At that point, the cards seem to re-initialize. And what's really interesting is this time, the array recovered before the Finder file copy timed out, and so the copy finished successfully. And copying the 400 MB file back had no problem either. So it definitely seems to be a stability issue when writing bytes out to all 60 drives at once, continuously. CPU load maxes out at least one core whenever writes are saturating the bus.
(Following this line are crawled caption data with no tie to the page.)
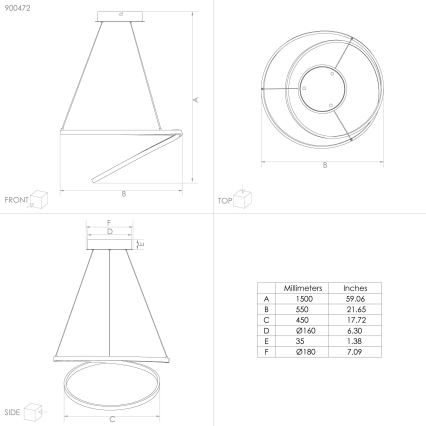 Eglo - LED ljuskrona med textilsladd LED/36W/230V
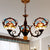 Lodge Bowl-Shaped Chandelier Stained Glass 3 Lights Decorative Inverted Chandelier with Crystal in Multicolor Blue Clearhalo 'Ceiling Lights' 'Chandeliers' 'Industrial' 'Middle Century Chandeliers' 'Pendant Lights' 'Tiffany Chandeliers' 'Tiffany close to ceiling' 'Tiffany' Lighting' 180615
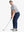 Full-body front shot with golf club, styled in Stretch Plain Everyday Pants – NAVY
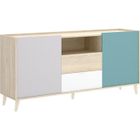 PEGANE Buffet meuble de rangement coloris naturel et émeraude - Longueur 155 x Hauteur 75 x Profondeur 43 cm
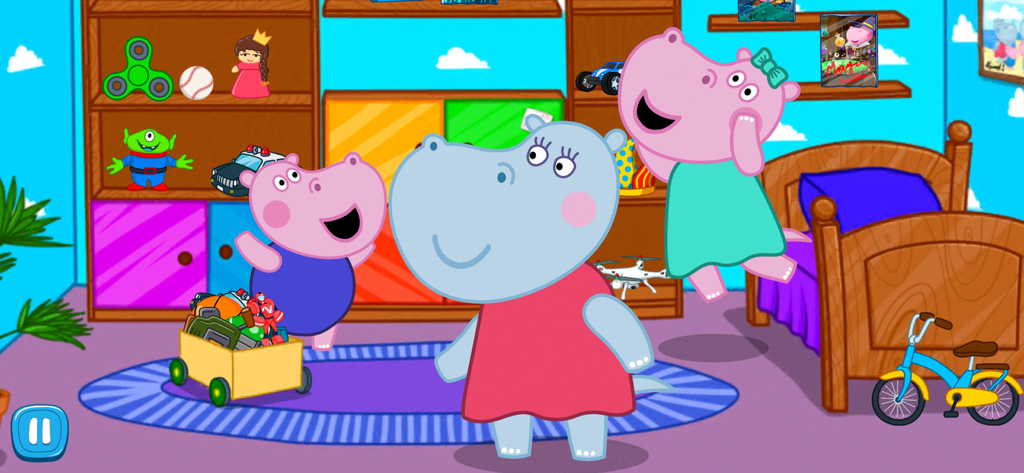 Funny Supermarket game - Cartoon hippo characters in a colorful bedroom and playroom with toys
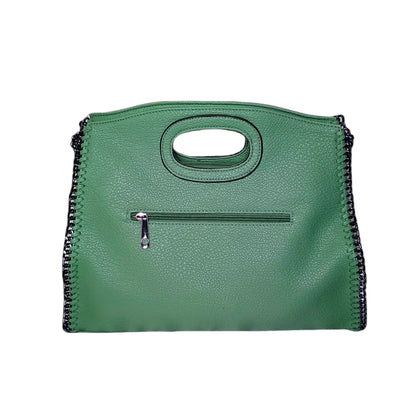 Green Leather Tote Bag with Chain Strap - Stile Donna Bags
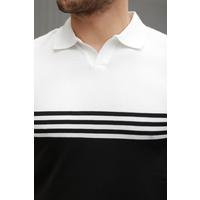 Erkek Parça Renk Yakalı Kısa Kollu T-shirt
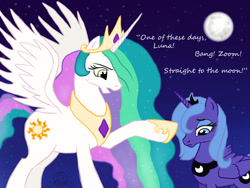 Size: 1200x900 | Tagged: safe, artist:naira, princess celestia, princess luna, alicorn, pony, s1 luna, the honeymooners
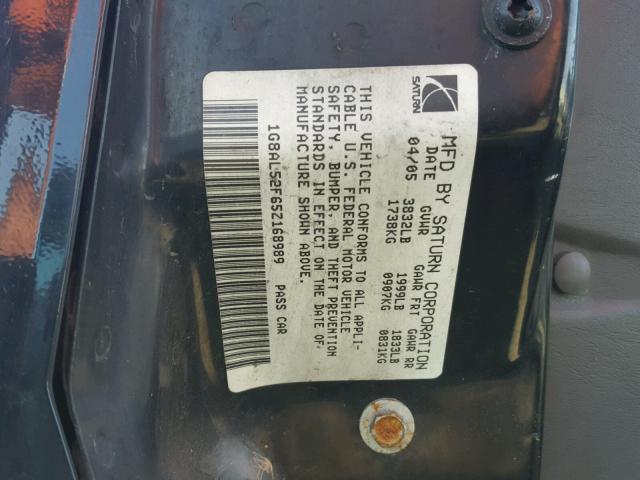 1G8AL52F65Z168989 - 2005 SATURN ION LEVEL BLACK photo 10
I think my next plan is to do a JBOD-style array, so have the entire array set up sequentially (no RAID 0 striping), and see if writing in that manner is more efficient / less error-prone.

geerlingguy commented 2 years ago

Deleted the existing btrfs array with:

$ sudo systemctl stop smbd
$ sudo umount /btrfs
$ sudo wipefs --all -t btrfs /dev/sda /dev/sdae ...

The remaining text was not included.